# Task goal:
Please restate, exactly as they appear, only the lines from the one that contains "INNOVATIVE DESIGN BUILD" to the final line of the entries, with no pictures.

┄┄┄┄┄┄

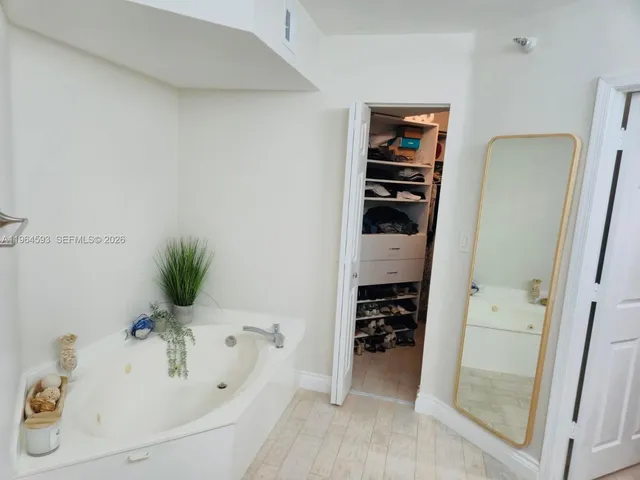 $6,800 | 3530 Mystic Pointe Drive, Unit 2215, Aventura, FL 33180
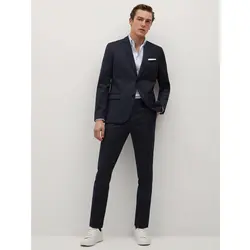 قیمت و خرید پیراهن مردانه منگو کد 88376 | فروشگاه اینترنتی بانی استایل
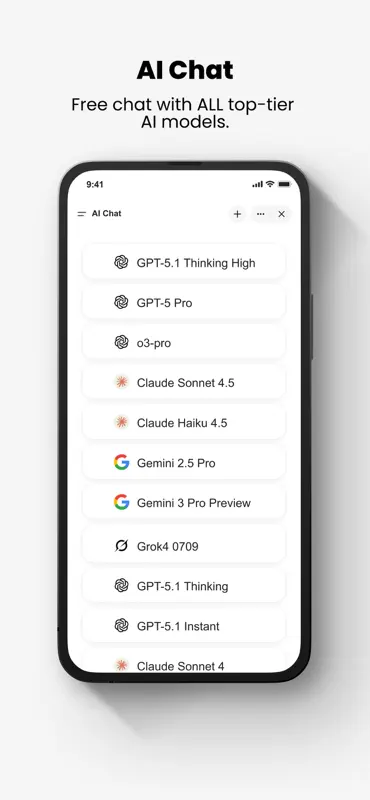 Genspark AI Espacio de trabajo screenshot 6 of 8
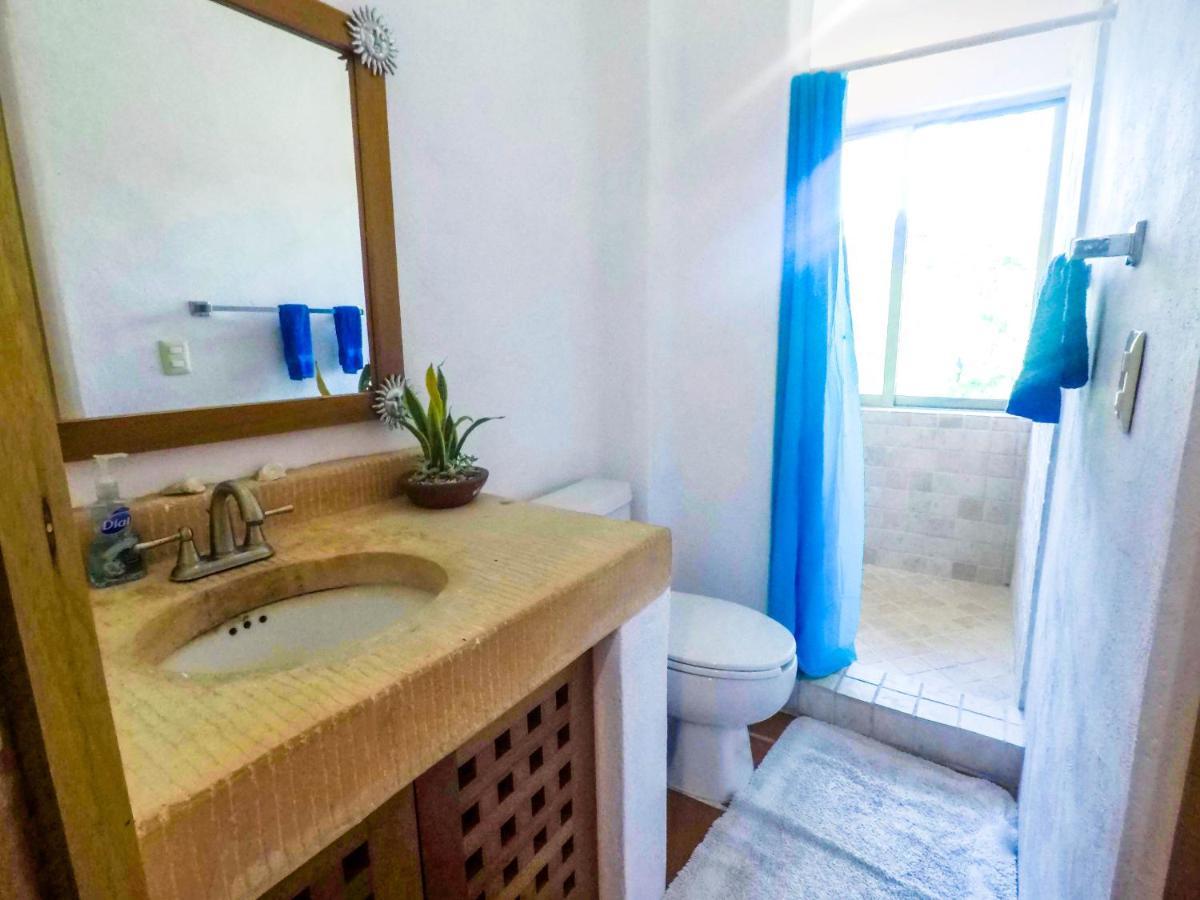 Punta Me Beach Suites קנקון מראה חיצוני תמונה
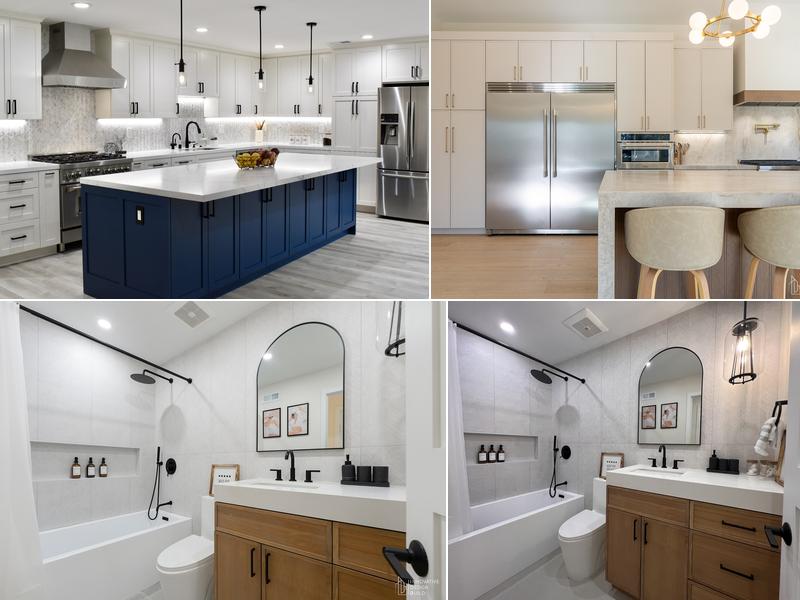 INNOVATIVE DESIGN BUILD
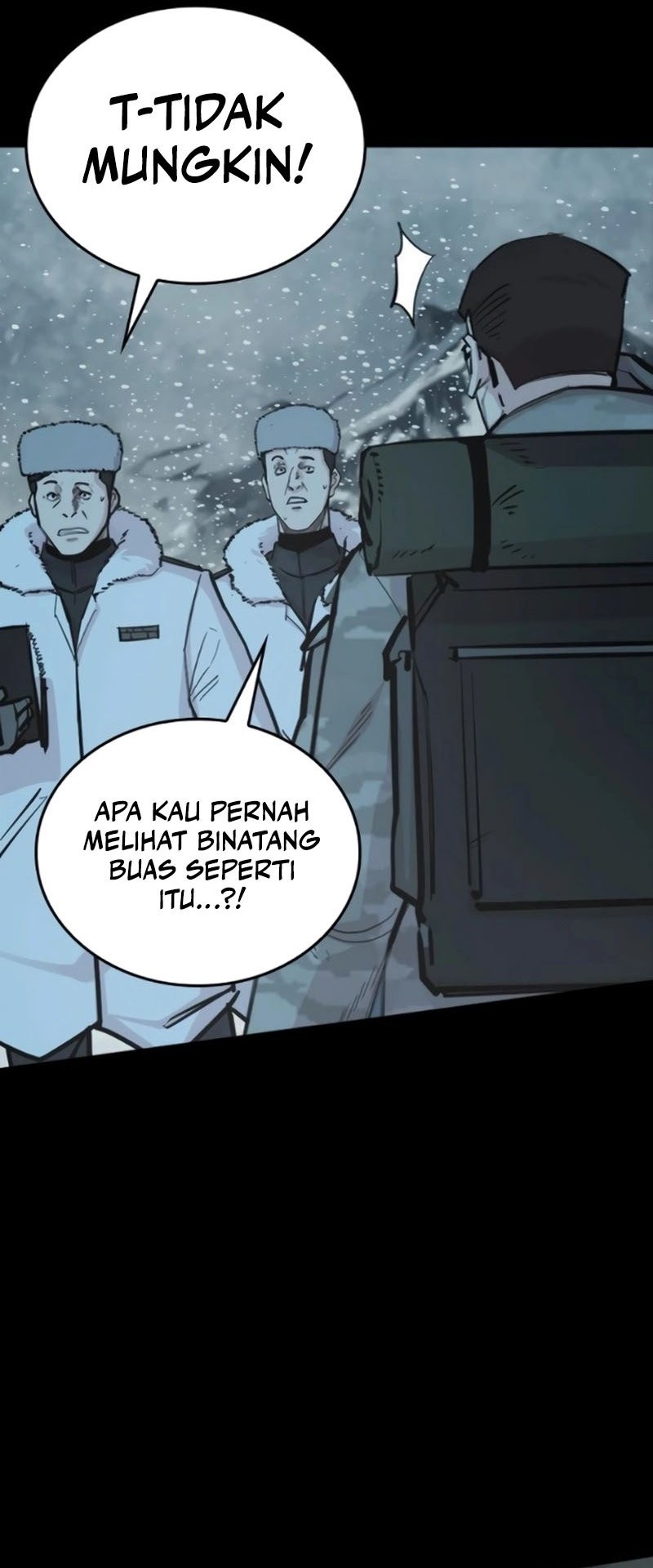 Vanta Black Chapter 11 - halaman 85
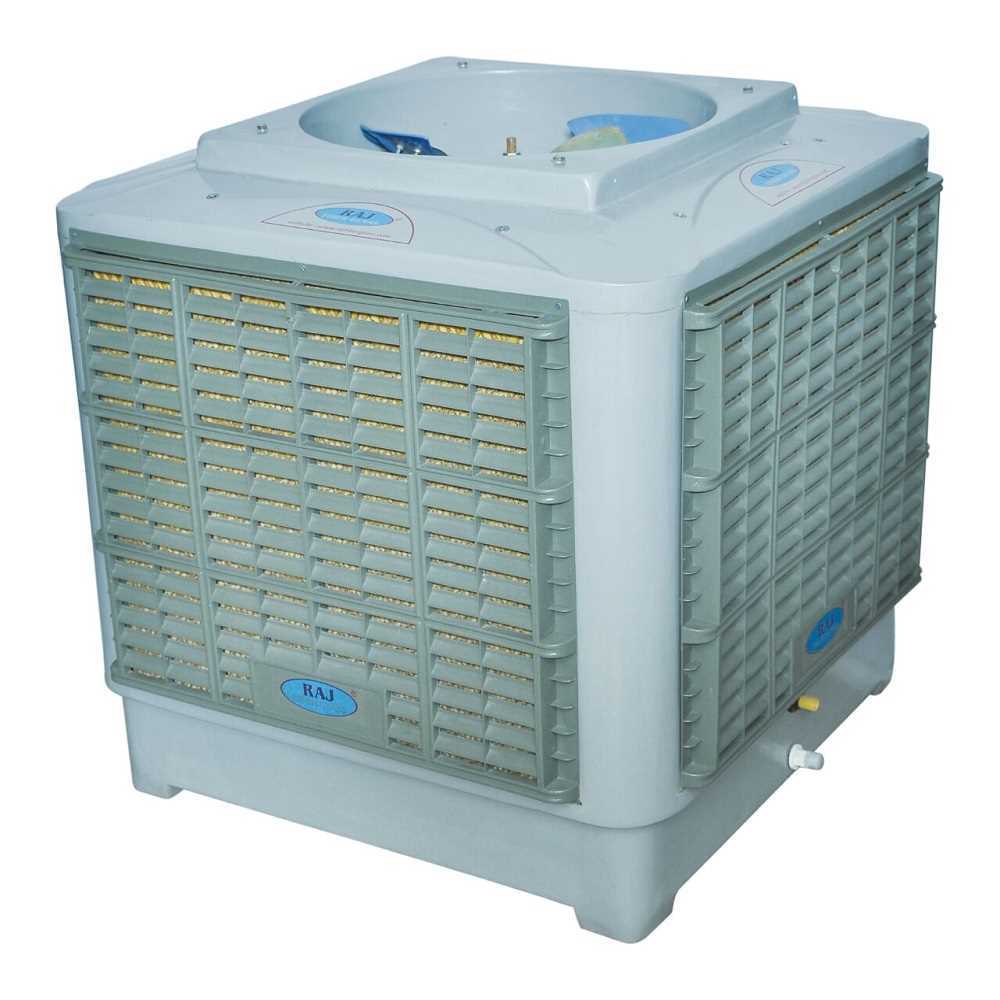 Industrial Evaporative Air Cooler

┄┄┄┄┄┄

# Output for this task:
 INNOVATIVE DESIGN BUILD
 Vanta Black Chapter 11 - halaman 85
 Industrial Evaporative Air Cooler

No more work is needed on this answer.